- [Task data]:
--------------------------------
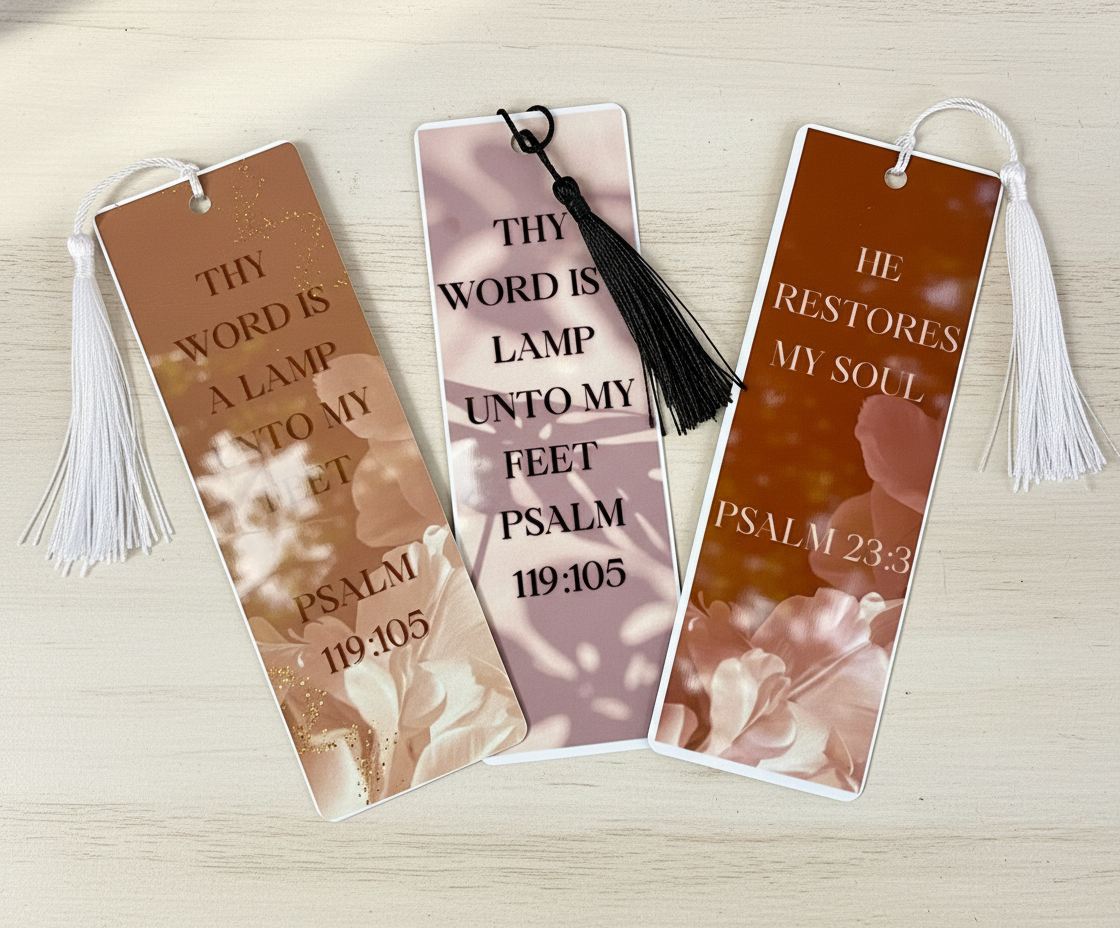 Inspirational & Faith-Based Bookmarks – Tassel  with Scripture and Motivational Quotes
--------------------------------
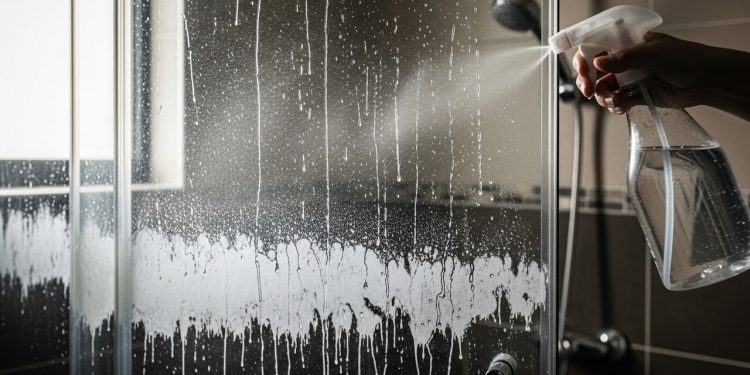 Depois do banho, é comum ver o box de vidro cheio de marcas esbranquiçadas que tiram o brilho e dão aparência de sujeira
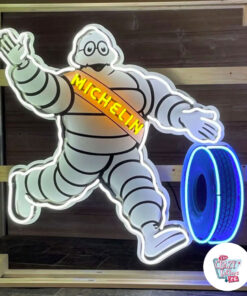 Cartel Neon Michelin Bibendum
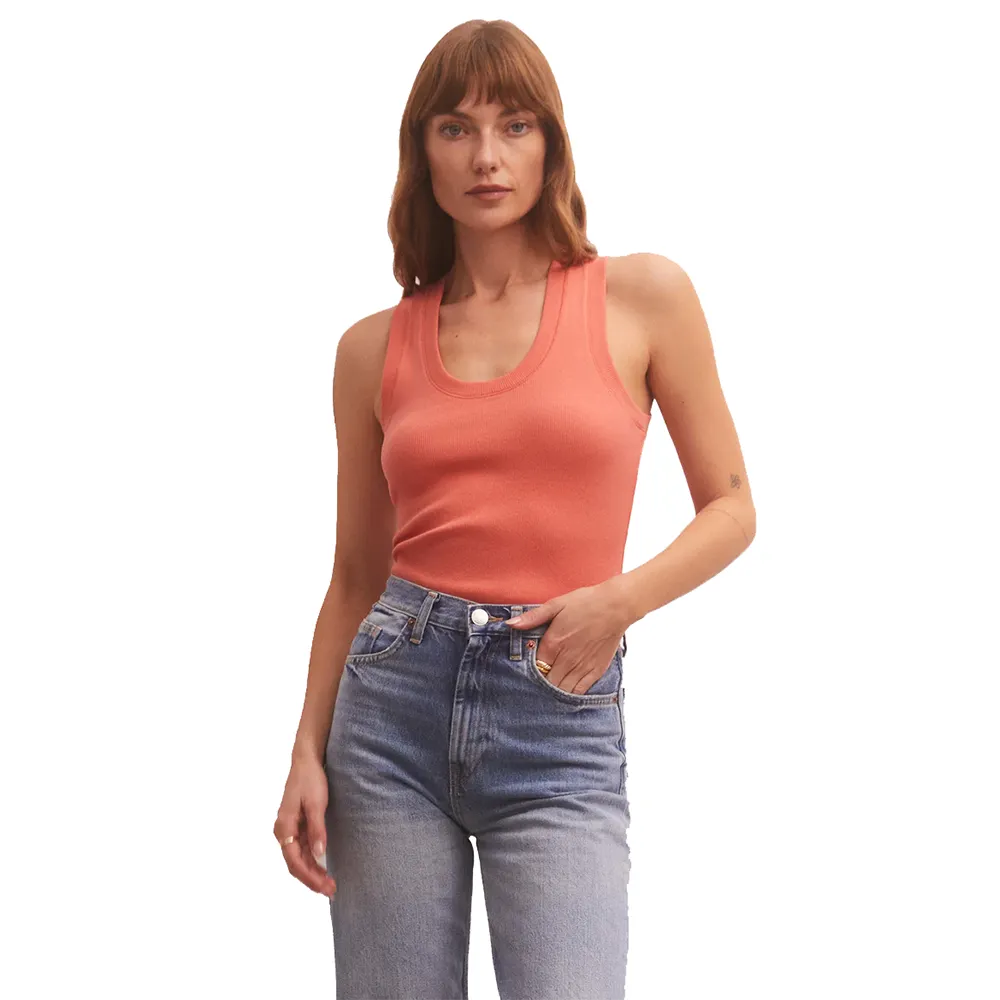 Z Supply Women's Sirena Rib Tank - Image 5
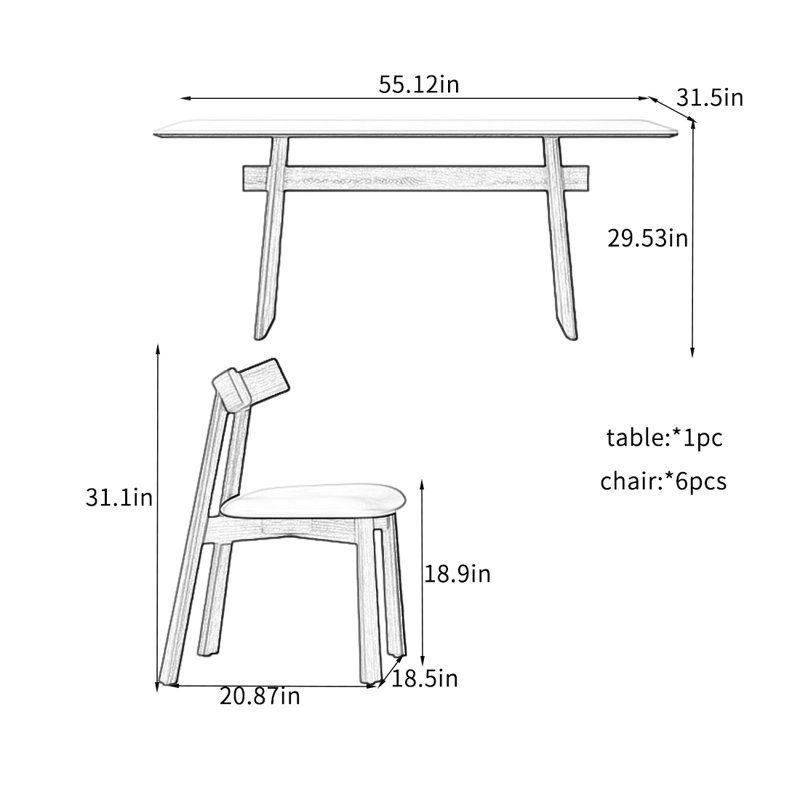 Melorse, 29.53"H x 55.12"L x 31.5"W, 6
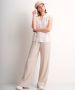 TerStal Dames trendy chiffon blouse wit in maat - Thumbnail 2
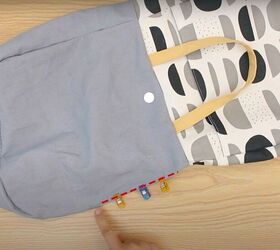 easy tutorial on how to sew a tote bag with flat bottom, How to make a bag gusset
--------------------------------
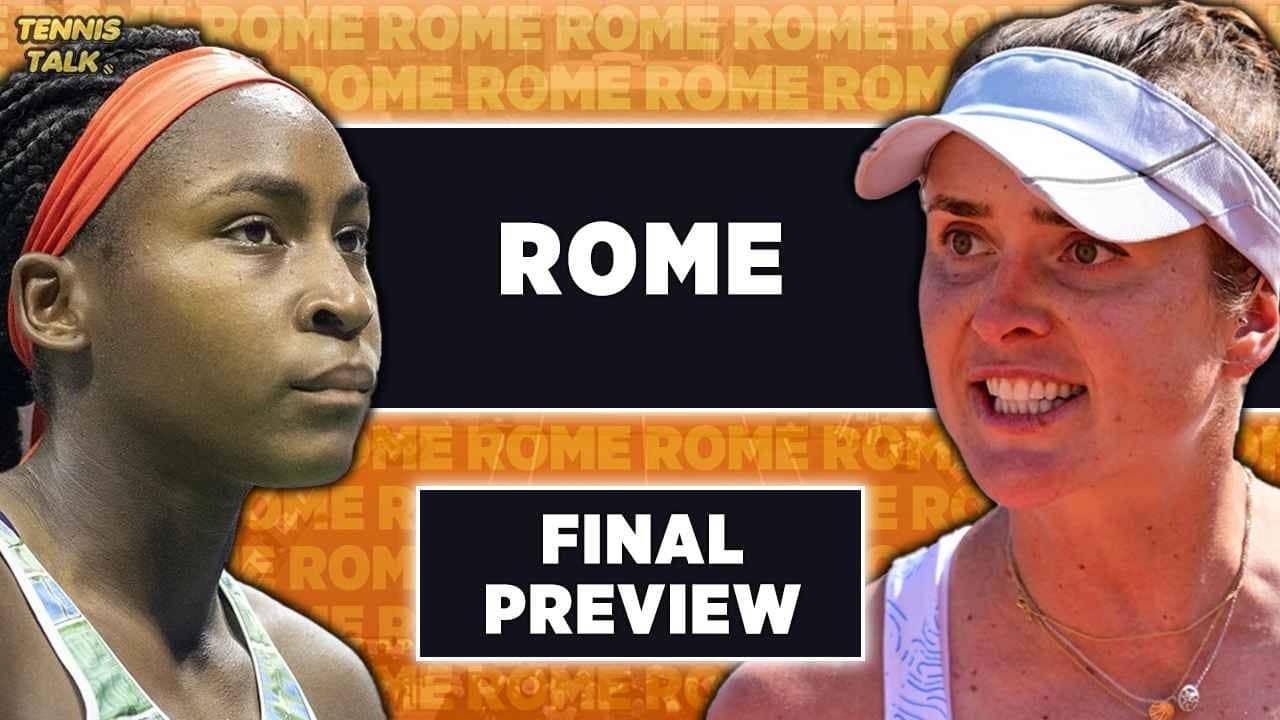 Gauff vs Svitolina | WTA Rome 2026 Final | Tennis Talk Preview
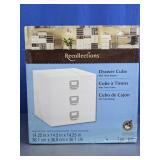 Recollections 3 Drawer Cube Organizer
--------------------------------
- [What to work on]: Leave out the images and write out the lines above exactly, from the one with "Z Supply Women's Sirena Rib Tank - Image 5" up to and including the one with "easy tutorial on".

- [Expected answer]:
 Z Supply Women's Sirena Rib Tank - Image 5
 Melorse, 29.53"H x 55.12"L x 31.5"W, 6
 TerStal Dames trendy chiffon blouse wit in maat - Thumbnail 2
 easy tutorial on how to sew a tote bag with flat bottom, How to make a bag gusset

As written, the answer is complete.